*** Block opens ***

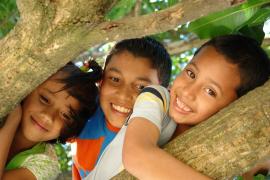 Climbing trees - photo: M. Reyes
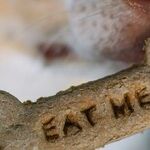 Byproducts in Pet Food Provide Nutrients Missing From Muscle Meat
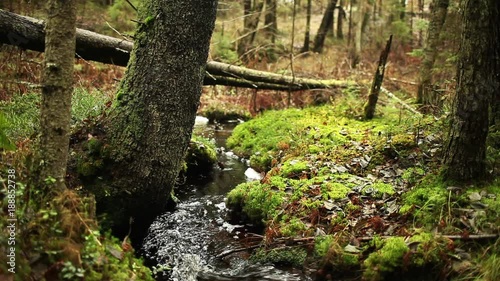 boreal forest beautiful view of the stream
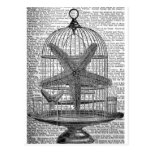 Vintage Birdcase and Starfish Postcard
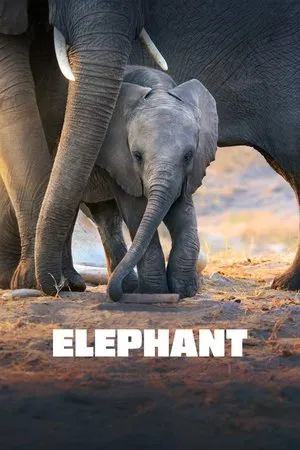 Постер: Elephant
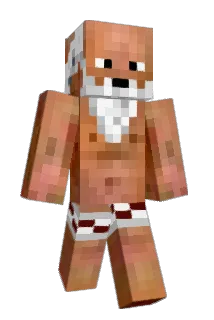 D0nPimpon Minecraft avatar full body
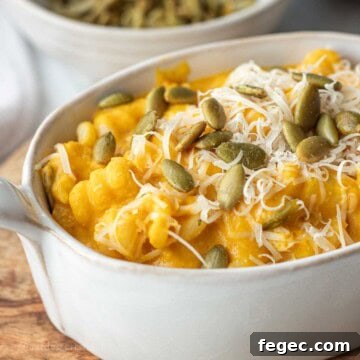 Pumpkin sauce on pasta with pepitas in bowl.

*** Block closes ***

- **BRIEF**
Please write out all the entries above again exactly as they appear, skipping any images.

- **RESPONSE TO THIS EXERCISE**
 Climbing trees - photo: M. Reyes
 Byproducts in Pet Food Provide Nutrients Missing From Muscle Meat
 boreal forest beautiful view of the stream
 Vintage Birdcase and Starfish Postcard
 Постер: Elephant
 D0nPimpon Minecraft avatar full body
 Pumpkin sauce on pasta with pepitas in bowl.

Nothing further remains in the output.